Los días siguientes estuvieron marcados por el frío.
No el de Lyra.
El de su distancia.
Desde que el artefacto llegó, Orien se sumergió en su conexión con Kharon. Entrenaba solo. Estudiaba las marcas en su piel. A veces, hablaba en lenguas que no eran humanas.
Lyra lo observaba desde lejos, con miedo contenido.
Hasta que no lo soportó más.
Lo encontró meditando en el hangar de la base, rodeado de luces que flotaban alrededor de su cuerpo como satélites.
—¿Eso haces ahora? ¿Te conviertes en dios sin decir nada?
Orien abrió los ojos, brillaban como estrellas muertas.
—Estoy haciendo lo que tengo que hacer. Lo que nadie más puede.
—¿Y si eso te destruye? ¿Si no puedes volver?
—¿Prefieres eso, Lyra? ¿Que no lo intente?

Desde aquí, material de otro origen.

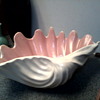 "Poppy Trail" by Metlox /  "Giant Clam Shell" Console Bowl / Circa 1940's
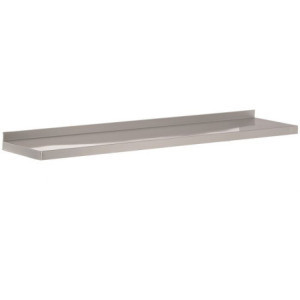 Stainless Steel Wall Shelf 1800x300mm - 430 Stainless Steel | CombiSteel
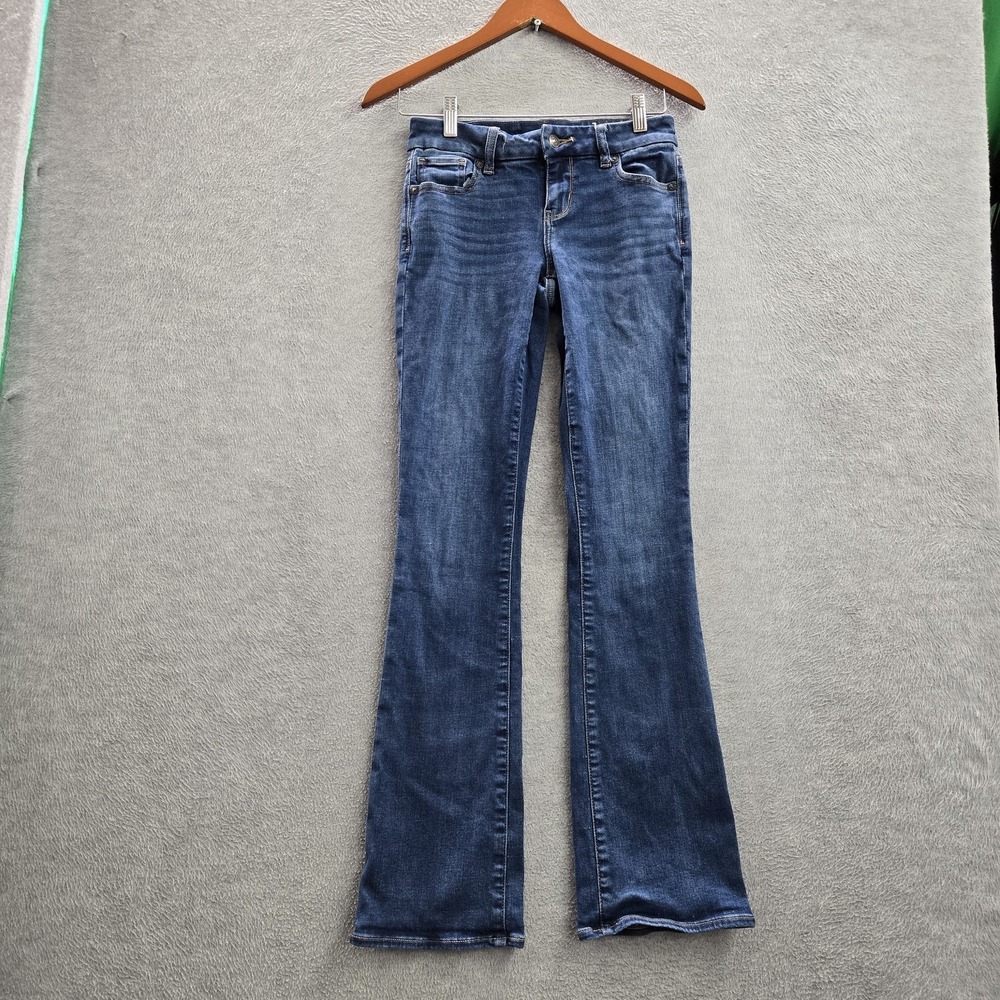American Eagle Outfitters Women Jeans 0 REGULAR‎ Blue Denim Curvy Kick Boot Next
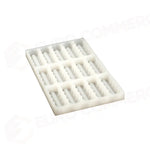 STAMPO IN SILICONE DELICIOUS SNACK 285 X 175 MM - 15 IMPRONTE 90 X 30 X H 19 MM - DS02 - PAVONI ITALIA - STAMPI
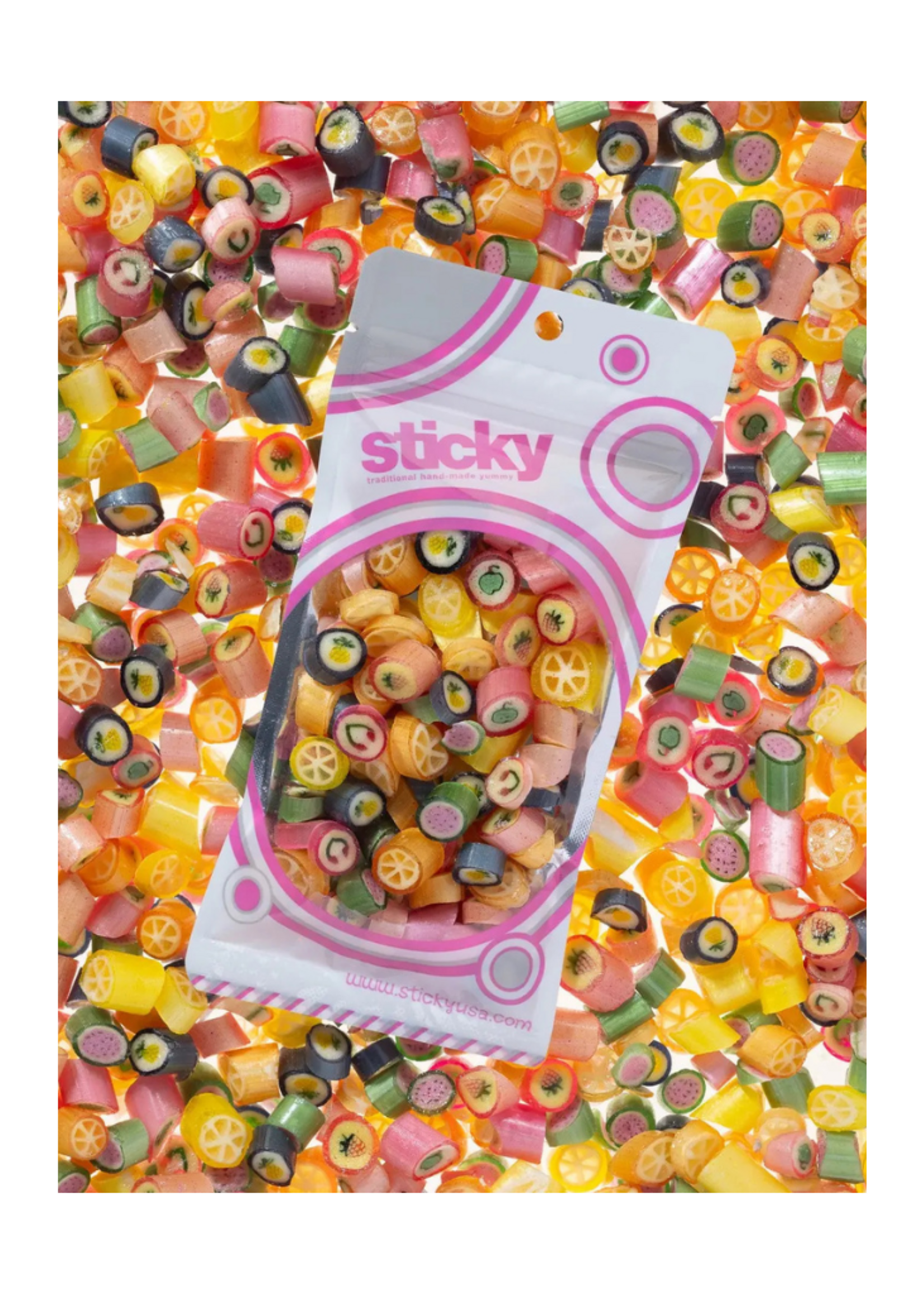 Sticky Sticky - All Natural Fruits Mix Candy 3.5oz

Ella se acercó, helada, afilada.
—Prefiero perder la guerra a perderte a ti. Pero tú ya estás entregándote. Como si quisieras… desaparecer.
Orien se puso de pie. Su voz subió, quebrada:
—¡No entiendes! Esta marca en mí, este poder… no es una opción. Es una sentencia. Yo soy el vínculo. Soy la grieta.
—¡Mentira! —gritó ella—. Eres Orien. El que tocaba el piano sin saber leer música. El que me sacó del hielo. Mi Orien.
—¿Y tú? ¿Qué haces? Te escondes tras tu control. ¿Cuándo fue la última vez que lloraste? ¿Que admitiste que tienes miedo?
El silencio dolió más que los gritos.
Orien dio un paso atrás.
—No quiero que estés aquí cuando suceda. Si fallo… no quiero verte morir conmigo.
Lyra lo miró con una mezcla de furia y tristeza.
—Entonces quédate con tu destino. Yo no vine a salvar al mundo. Vine a salvarte a ti.
Y se fue.
La puerta se cerró con un susurro helado.
Orien se quedó solo en la penumbra.
Y por primera vez desde que empezó todo… lloró.